Further, another actuator is disclosed in JP2003-336717A. The actuator disclosed includes an input side rotating member, an output side rotating member, a spring, a first spring receiving member, and a second spring receiving member all rotatably arranged on an identical rotational center. The actuator further includes an input rotation directly transmitting portion disposed between the first spring receiving member and the second spring receiving member for directly transmitting, not via the spring, a rotational force of a driving shaft to a driven shaft by the first spring receiving member and the second spring receiving member attaching to each other when the first spring receiving member and the second spring receiving member relatively rotate to each other by a predetermined angle or more.
In order to achieve a reduction in size and weight of the actuator for the purposes of improving a mounting ability of the actuator in a vehicle, or to realize a high-power of the actuator without changing a size thereof, however, the following issues may occur.
According to the actuator disclosed in JP3521945B2, the spiral spring is disposed between the first plate and the second plate. Since a rotating torque of the first plate is always transmitted to the second plate by means of the spiral spring, a maximum output load of the actuator is equal to spring characteristics (deflection-load characteristics) of the spiral spring. Thus, the maximum output is determined on the basis of a load of the spiral spring. That is, in case of attempting a reduction in size and weight of the actuator without changing an output load of the actuator, a restriction exits on a downsizing of the entire actuator since a downsizing of the spiral spring is limited so as to maintain the output load.

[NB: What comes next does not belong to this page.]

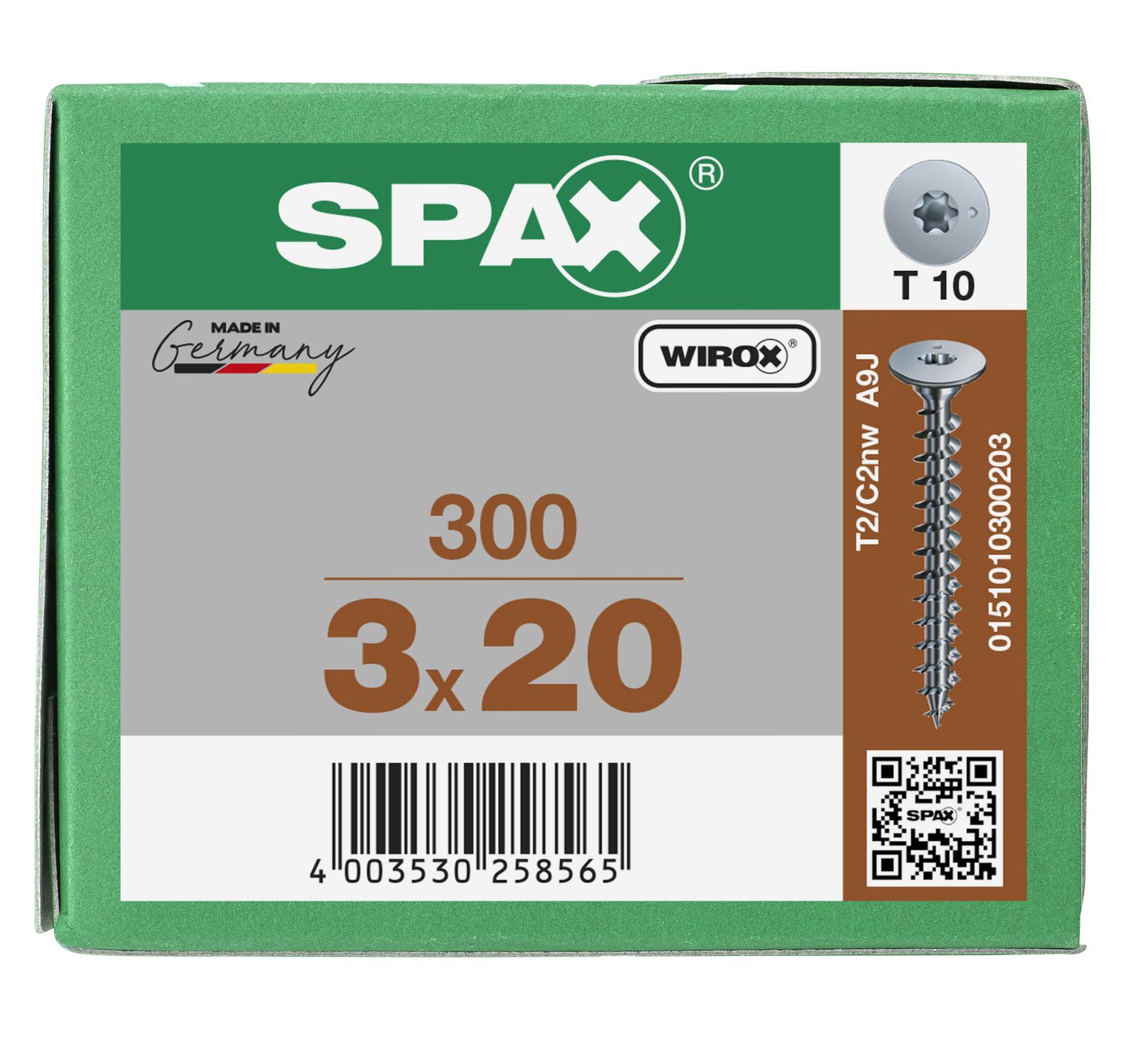 SPAX Rückwandkopf ohne Linse T-Star Plus T10 Vollgewinde WIROX, 300 Stück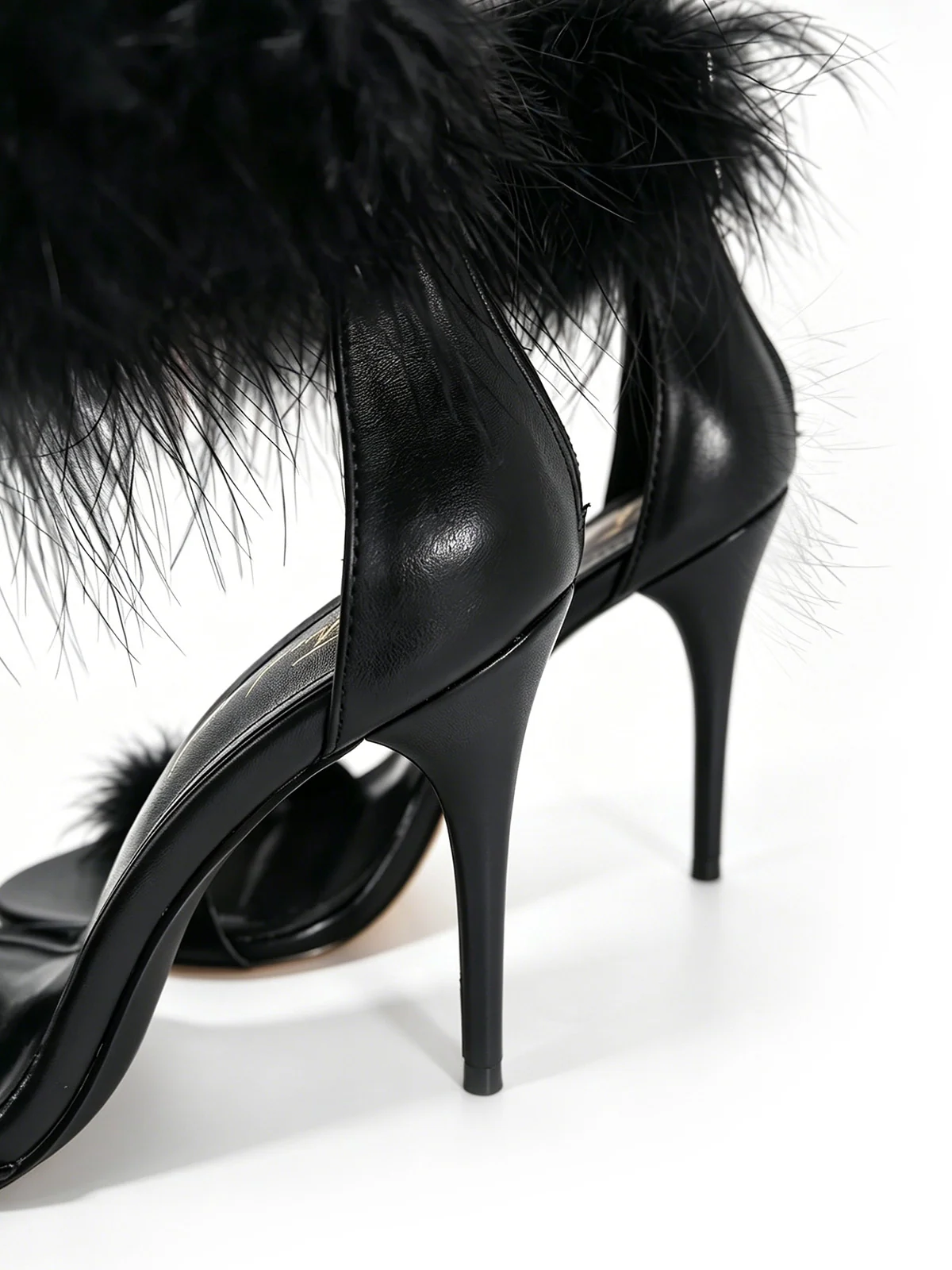 Raquel Feather Stiletto Heel in Black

On the other hand, improving the output load of the actuator without changing a size thereof means increase in size of the spiral spring.
The actuator disclosed in JP2003-336717A includes as the standby mechanism the first spring receiving member, the second spring receiving member, and the input rotation directly transmitting portion for directly transmitting, not via the spring, a rotational force of the driving shaft to the driven shaft by attaching the first spring receiving member and the second spring receiving member to each other when the first spring receiving member and the second spring receiving member relatively rotate to each other by a predetermined angle or more. Then, the output load of the actuator is improved by using the output load of the motor so that a power switching operation can be surely performed.
According to the aforementioned standby mechanism, however, the input side rotation member and the spring receiving member are formed separately, and then the input rotation directly transmitting portion is formed as a fan-shaped projection in an axial direction of the spring receiving member. The standby mechanism has a certain degree of thickness in the axial direction and consists of a combination of great number of parts. That is, the actuator includes a great number of components and is large in size in the rotational axis direction.
Thus, a need exists for an actuator which can provide an increased maximum output load and improve certainty of switching of driving force while achieving an entire reduction in size and weight with avoiding a complexity of structure.